What this task involves → At the line containing "15 pictures - Shy", begin an exact copy of the lines below and continue through the final one, with no pictures.

Source material →
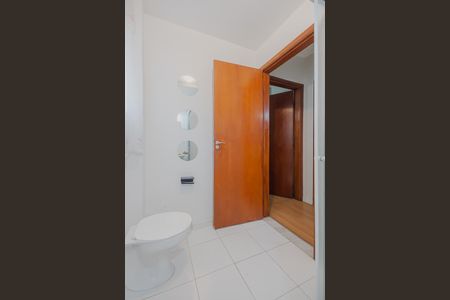 Apartamento para alugar com 2486m², 2 quartos e sem vaga Apartamento para alugar com 2486m², 2 quartos e sem vagaBanheiro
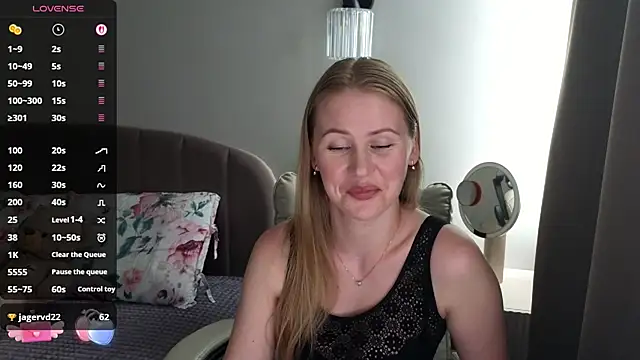 IsabelAllen online show from July 14, 2026, 2:23 pm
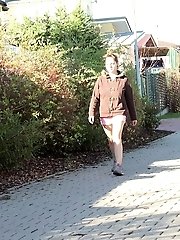 15 pictures - Shy girl pisses while a cyclist rides by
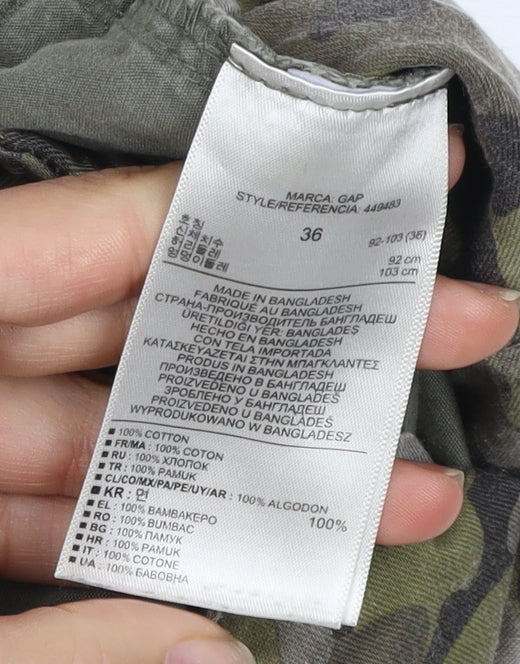 GAP Men's Green Cargo Shorts Size 36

Response for this exercise →
 15 pictures - Shy girl pisses while a cyclist rides by
 GAP Men's Green Cargo Shorts Size 36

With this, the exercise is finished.